Musiklobby verursacht Säuberungsaktion in US-Haushalten

Die scharfe Gangart der US-Musiklobby gegen Filesharer führt zu einer "Säuberungsaktion" ungeahnten Ausmaßes. So haben alleine im August 1,4 Millionen US-Haushalte sämtliche digitalen Musik-Files von ihrer Festplatte entfernt, berichtet das Wall Street Journal. Die Zeitung beruft sich in ihrem Bericht auf Erhebungen des Marktforschungsinstitutes NPD Group. Die Marktforscher leiten ihre Schätzungen aus einem laufenden Projekt ab, in dem die Computer-Aktivitäten von Haushalten untersucht werden. Insgesamt nehmen 10.000 Haushalte freiwillig an dem Forschungsvorhaben teil. NPD schätzt, dass in 35 Millionen US-Haushalten Musikdateien auf dem Computer gespeichert werden. Damit hätten in einem einzigen Monat vier Prozent der User ihre Festplatte von den kompromittierenden Dokumenten gesäubert.

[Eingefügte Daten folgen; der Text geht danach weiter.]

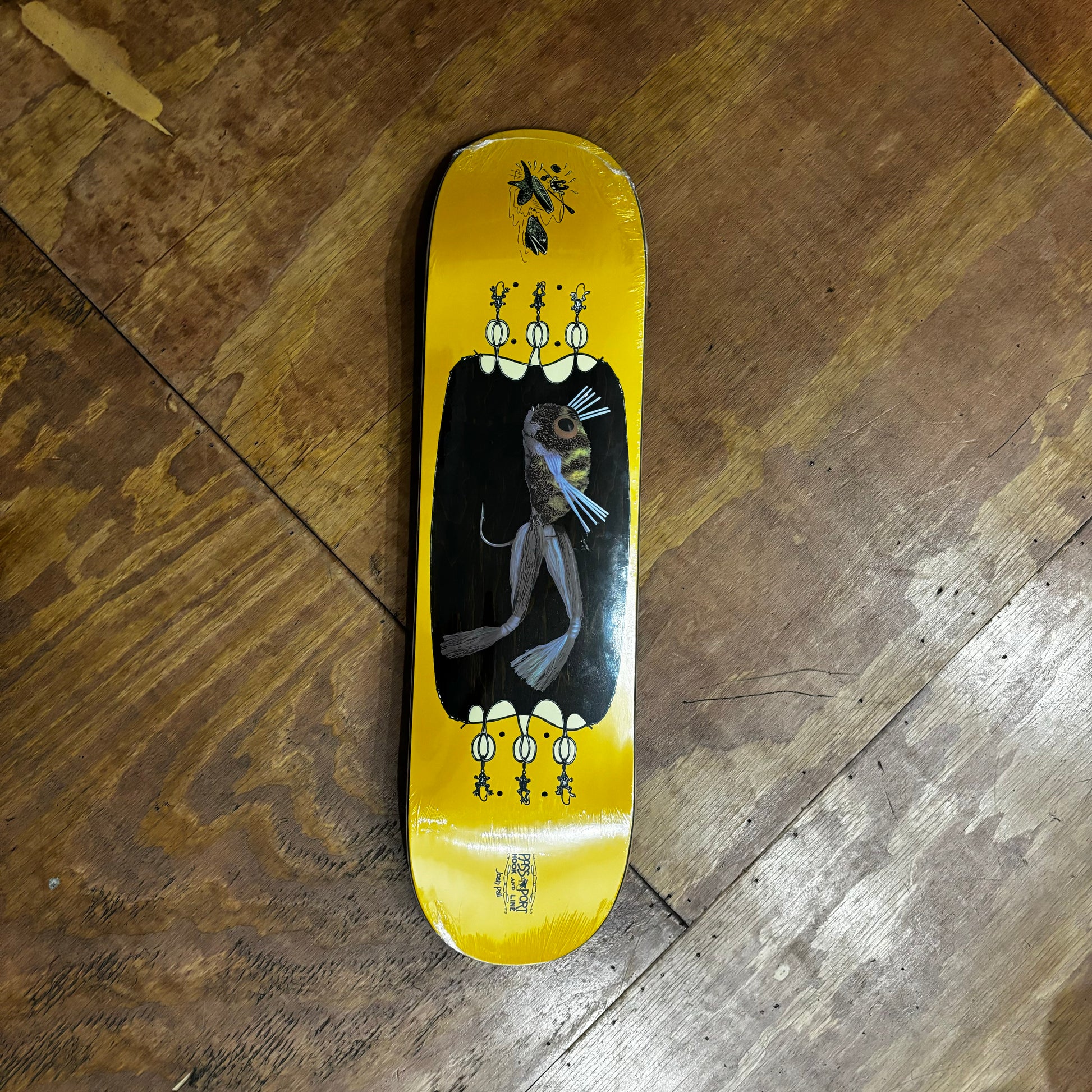 frog like fishing lure depicted on bottom of yellow and woodgrain skateboard deck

Ob die nun gelöschten Dokumente alle illegal per Filesharing beschafft worden seien, könnten die Marktforscher nicht sagen. Nach einer weiteren Untersuchung sind 65 Prozent aller Files auf den Rechnern der Konsumenten illegalen Ursprungs. NPD-Sprecher Russ Crupnick wertet die Aktionen als einen Erfolg für die Musiklobby RIAA. Diese hatte im Sommer angekündigt, auch mit Klagen gegen private Filesharer vorgehen zu wollen. Vor dieser Ankündigung hätten etwa im Mai lediglich 600.000 Haushalte pro Monat Musikfiles von ihren PCs entfernt. Das Vorgehen der RIAA löse aber bei den Konsumenten erhebliche Verstimmung aus: So gaben zwei Drittel der P2P-User, aber auch 40 Prozent jener, die keine Musikdateien tauschen, an, dass sich ihre Meinung über die Musikindustrie zum Schlechteren gewendet habe.